Dançaram, xiculunguelando. Depois, meteram a velha num buraco e foram-no
enchendo de água. Ela pedia: me deixem, tenho frio.
Mas as mulheres não abrandavam. A mãe de Farida visitara o Céu e se ela
estivesse molhada, certamente as nuvens também se encharcariam. As chuvas
viriam, por fim.
— Parem, ela está sofrer, gritou Farida.

Mas elas prosseguiram, cobrindo a coitada com água fria. Até que se afastaram
dançando e cantando, deixando a mãe no fundo da terra ensopada. Farida se
aproximou, quis ajudá-la a sair. Mas ela recusou: devia ficar ali, matopar-se, pagar
sua dívida com o mundo. Toda a noite, a filha permaneceu na cabeceira do buraco.

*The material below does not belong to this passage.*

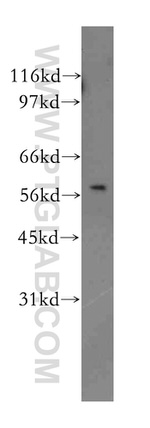 ILK Antibody in Western Blot (WB)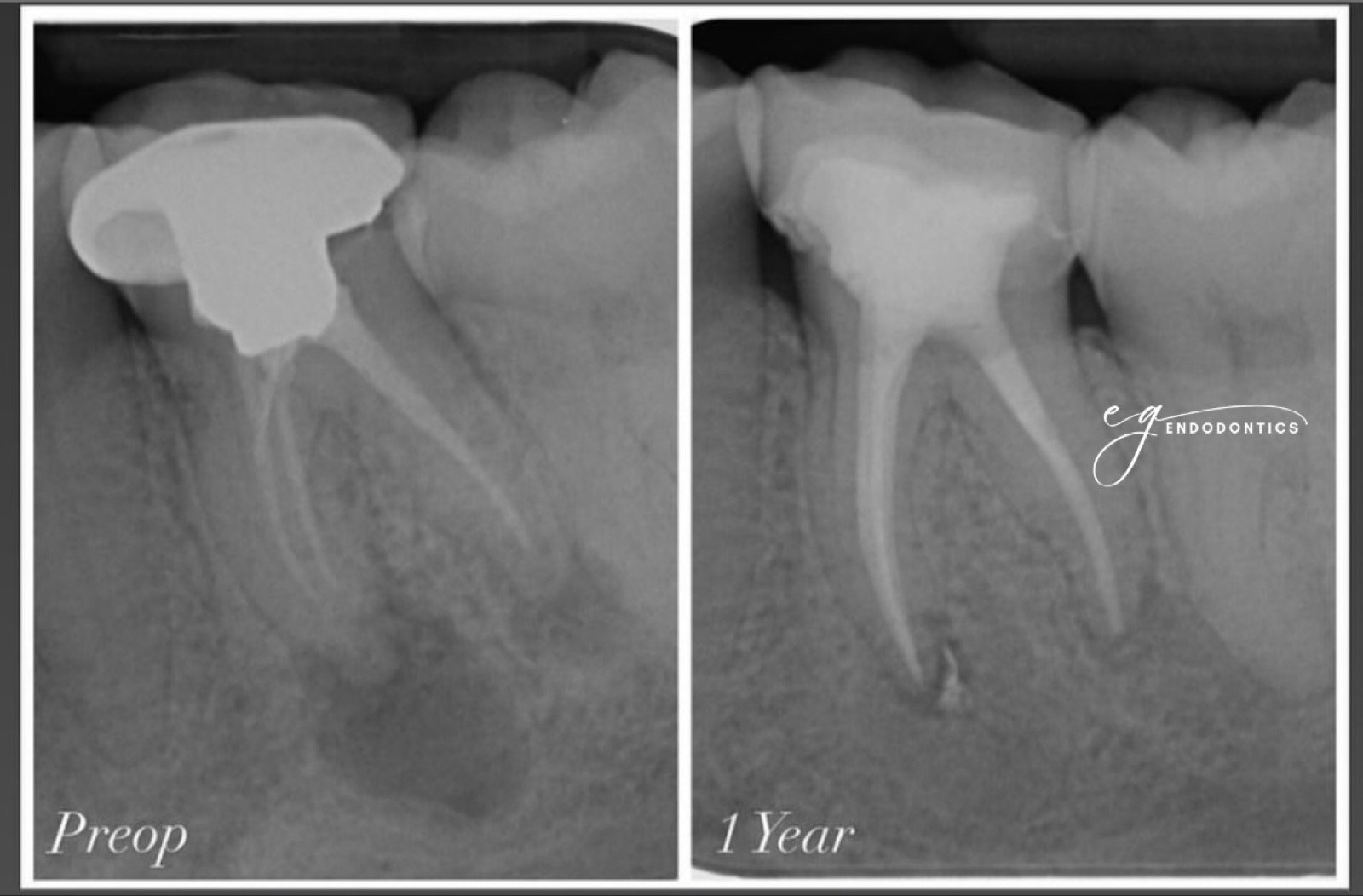 One-year recall after retreatment showing periapical healing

E lhe cantou um embalo, fosse a mãe a pequenina, saída do ventre da jovem.
Cansada, Farida adormeceu.
De madrugada, quando despertou, já a mãe ali não estava. Tinham-na levado,
gelada de mais para se manter impura. O sangue de sua mãe, vertido em seu
nascimento, já não sujava a aldeia. Nesse mesmo dia, tombaram grossas chuvas. As
sementes e a esperança se tinham finalmente reconciliado.”